• **What you are asked to do**
In the entries below, find the line with "Once I have" and print exactly every line from there up to and including the line with "Amputation reconstruction using", with no other lines.

• **Source material**
● ● ● ● ●

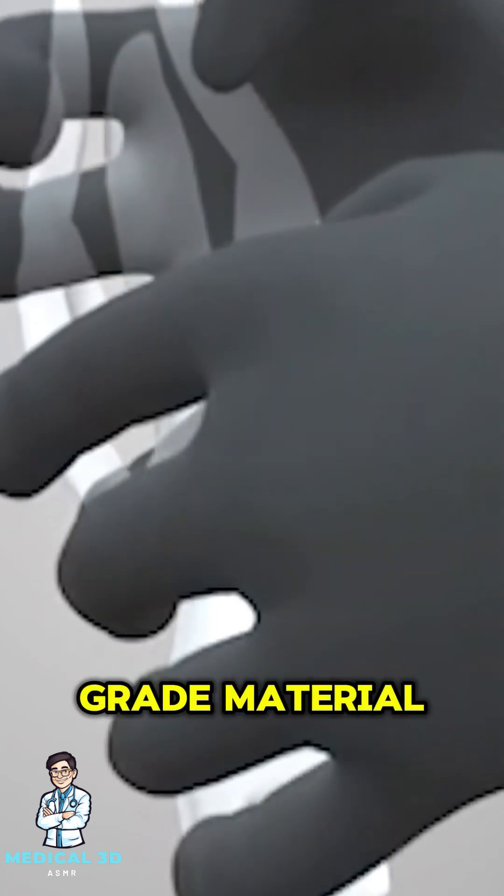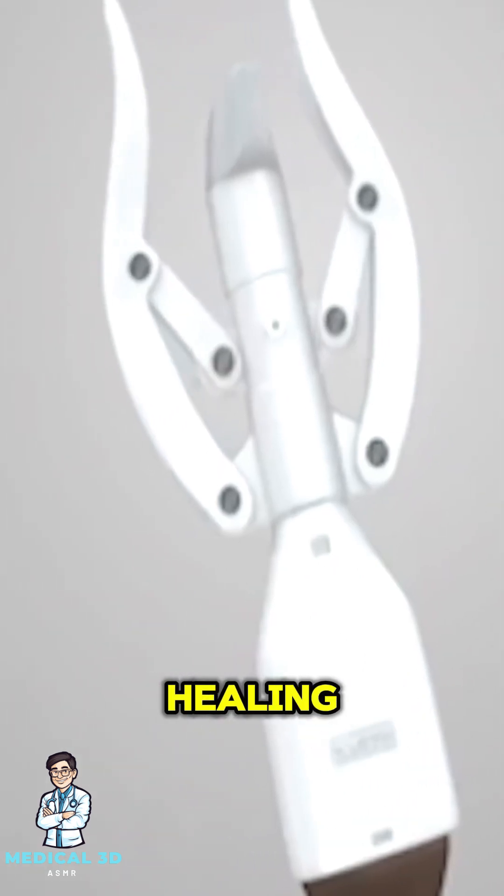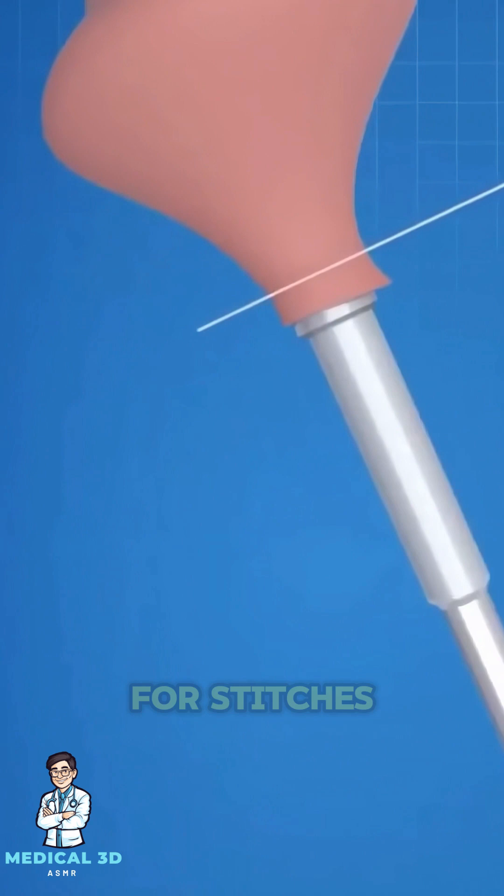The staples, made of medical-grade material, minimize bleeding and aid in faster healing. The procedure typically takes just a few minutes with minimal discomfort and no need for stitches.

● ● ● ● ●

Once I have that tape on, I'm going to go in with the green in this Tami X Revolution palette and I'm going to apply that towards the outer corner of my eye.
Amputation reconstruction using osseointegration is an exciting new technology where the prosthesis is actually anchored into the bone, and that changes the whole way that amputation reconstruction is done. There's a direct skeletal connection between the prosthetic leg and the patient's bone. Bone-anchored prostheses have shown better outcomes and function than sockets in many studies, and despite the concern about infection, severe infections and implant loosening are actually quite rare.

● ● ● ● ●

• **Solution**
Once I have that tape on, I'm going to go in with the green in this Tami X Revolution palette and I'm going to apply that towards the outer corner of my eye.
Amputation reconstruction using osseointegration is an exciting new technology where the prosthesis is actually anchored into the bone, and that changes the whole way that amputation reconstruction is done. There's a direct skeletal connection between the prosthetic leg and the patient's bone. Bone-anchored prostheses have shown better outcomes and function than sockets in many studies, and despite the concern about infection, severe infections and implant loosening are actually quite rare.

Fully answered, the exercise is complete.